(Beginning of INPUT DATA)

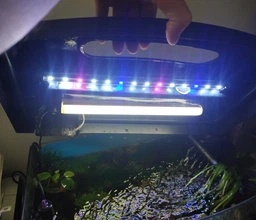 LED светильник Xilong T4-50E 6,3W 42 см Color фото от покупателей 9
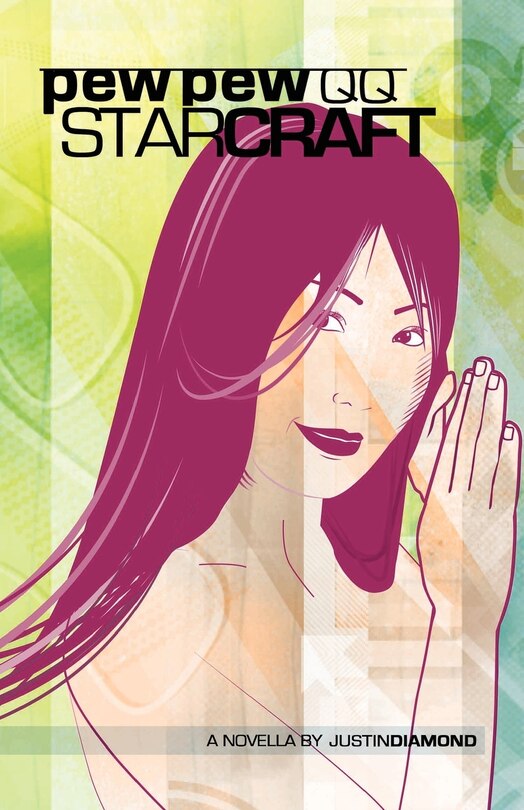 Couverture_Pew pew, qq, StarCraft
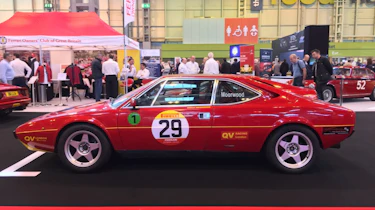 Ferrari 308 GTB4 Dino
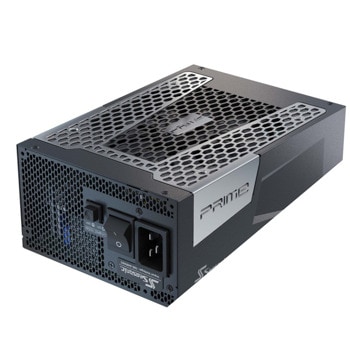 Захранване Seasonic PRIME TX-1600, 1600W, Active PFC, 80 Plus Titanium, 135mm вентилатор | JAR Computers Захранване Seasonic PRIME TX-1600 1600W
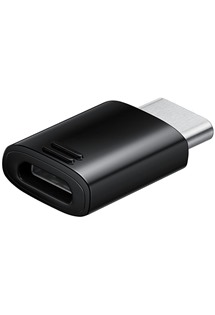 Samsung EE-GN930 USB-C/micro USB adapter černý (Bulk)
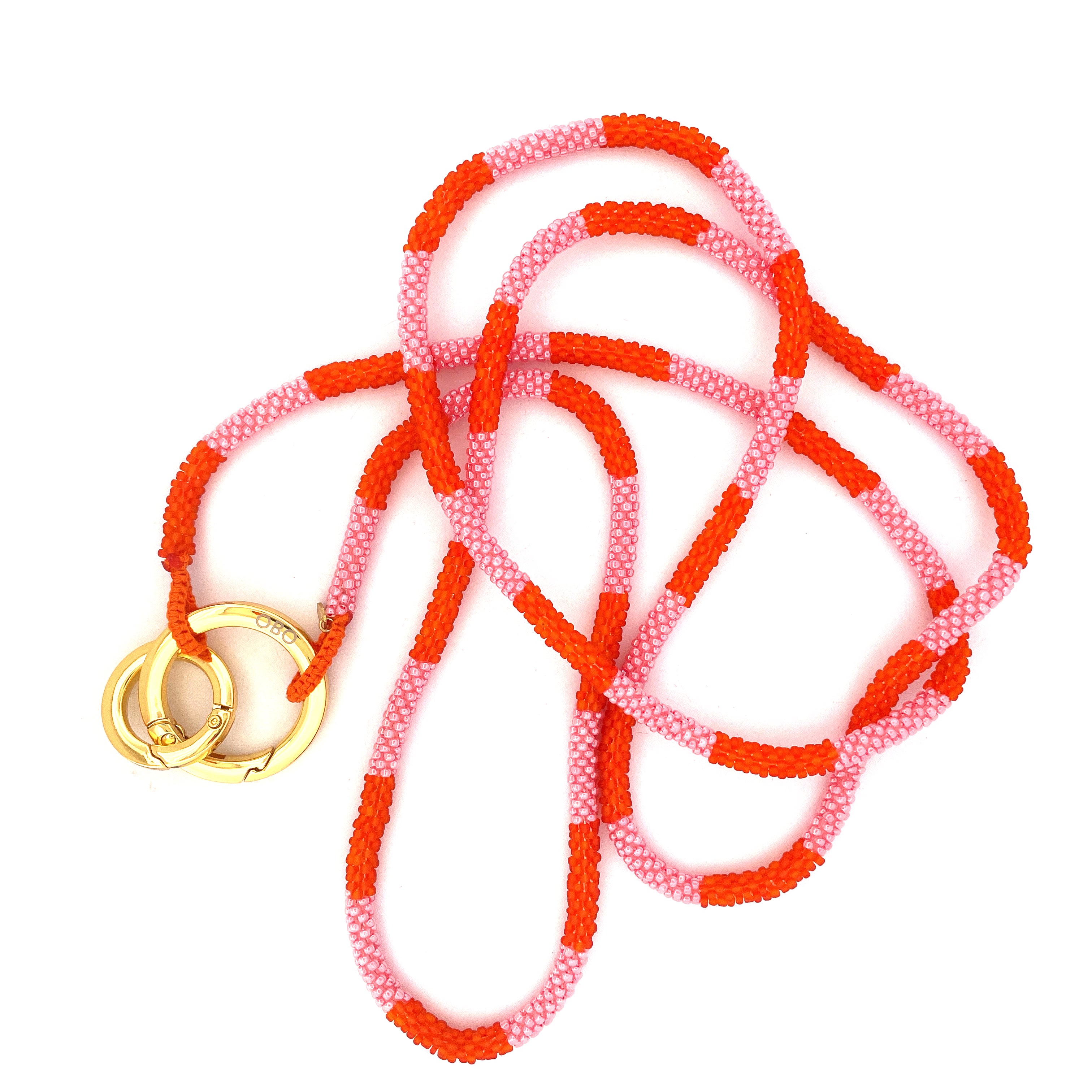DUO - Handykette "Tropenkuss"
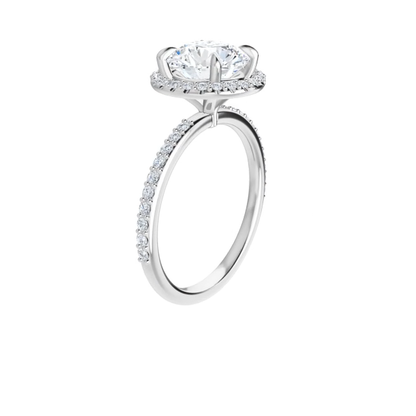 Eve Lab Diamond Ring
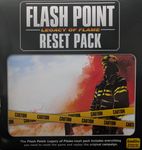 Flash Point: Legacy of Flame – Reset Pack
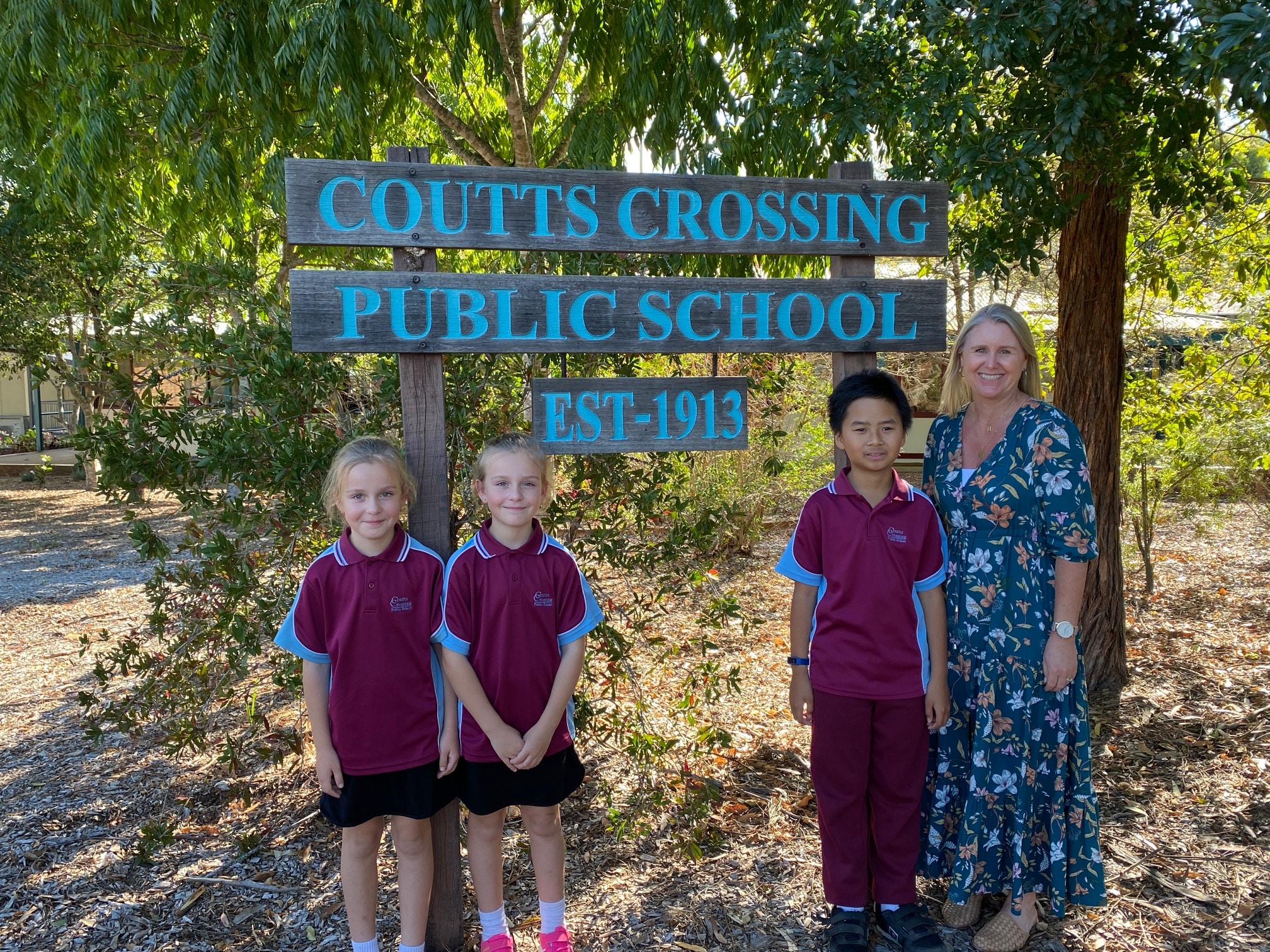 Back to school vouchers for children affected by bushfires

(End of INPUT DATA)

**EXERCISE BRIEF:**
Give back, word for word, the lines from the line that contains "DUO - Handykette" through the last line of the records, with no pictures and nothing else.

**YOUR SOLUTION:**
DUO - Handykette "Tropenkuss"
 Eve Lab Diamond Ring
 Flash Point: Legacy of Flame – Reset Pack
 Back to school vouchers for children affected by bushfires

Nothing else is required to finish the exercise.